Jean-Pierre Yvars est comédien et metteur en scène, faisant partie du Théâtre des Margandiers à Bourg-les-Valence. Il a longtemps participé entre autres aux Nocturnes de Grignan et a collaboré avec les studios Folimage, installés à Bourg-les-Valence, sur une vingtaine de films d'animations.
Ensemble, ils ont également animé une émission consacrée à la poésie intitulée "Le ciel est par dessus le Toi" sur Radio Méga 99.2, basée à Valence.
Deux Jean-Pierre sur scène... comment vos chemins se sont croisés ?
Jean-Pierre Alliot : « Nous nous sommes rencontrés il y a une dizaine d’années à l’occasion d’un projet de création d’un collectif d’artistes autour de la maison des arts à Barbières. Nous avons joué ensemble pour la première fois sur des lectures de textes en 2015. Nous avons trouvé que nous avions beaucoup d’affinités et que sur scène, nous arrivions à créer un climat de partenariat ensemble ».
Jean-Pierre Yvars : « Depuis longtemps je suivais de loin le travail de cet homme, Jean-Pierre Alliot avec intérêt. Et puis, quand il a commencé, il y a au moins une quinzaine d'années, à s'occuper de la Maison des Arts de Barbières, avec la Cie Agora, en développant toute une action culturelle dans ce village, je me suis tout naturellement rapproché de lui. »
Ensemble, vous nous invitez à ne rien faire… pouvez-vous, sans tout dévoiler, nous en dire plus sur votre spectacle ?
J-P.A. : « Tout est dans le titre ! Il s’agit d’une création commune que nous avons mis plusieurs mois à réaliser, à partir de textes de nombreux auteurs autour d’un fil conducteur qui est une éloge de la paresse.
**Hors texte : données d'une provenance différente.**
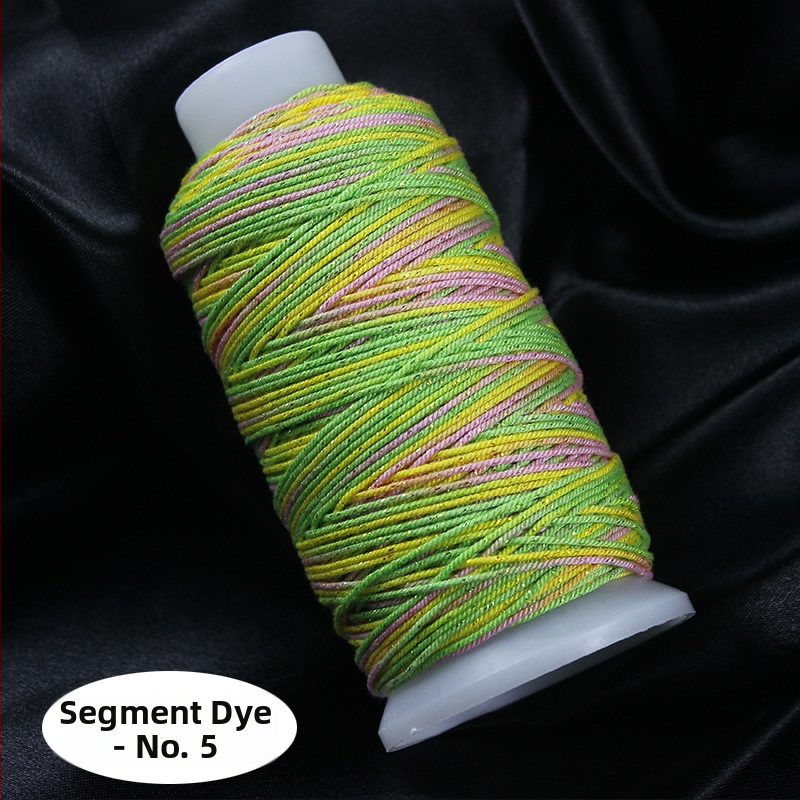 Gradientiškai dažytas medvilninis siūlas su auksine siūle, rankomis mezgta DIY papuošalų virvė (Medžiaga: medvilninis siūlas + poliesteris + auksinė siūlė; Apdorojimo technologija: rankų mezgimas; Kilmė: Jinhua; Stilius: originalus dizainas)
Ce spectacle est une espèce d’antidote à l’époque actuelle ! ».
J.-P.Y. : « C'est une flânerie poétique, autour du thème : L'éloge de la Paresse. A une époque où l'on entend parler de la nécessité de trouver un travail. Où l'on entend continuellement parler de rentabilité. De la nécessité de résoudre le plein emploi. Prendre le contre-pied de ces affirmations, m'a semblé salutaire, provocateur même. Et puis ne pas condamner « les paresseux » me paraît vital, tolérant et sain. »
Verlaine, Miller, Desproges, Becket, Devos… entre autres… comment avez-vous choisi les textes que vous interprétez ?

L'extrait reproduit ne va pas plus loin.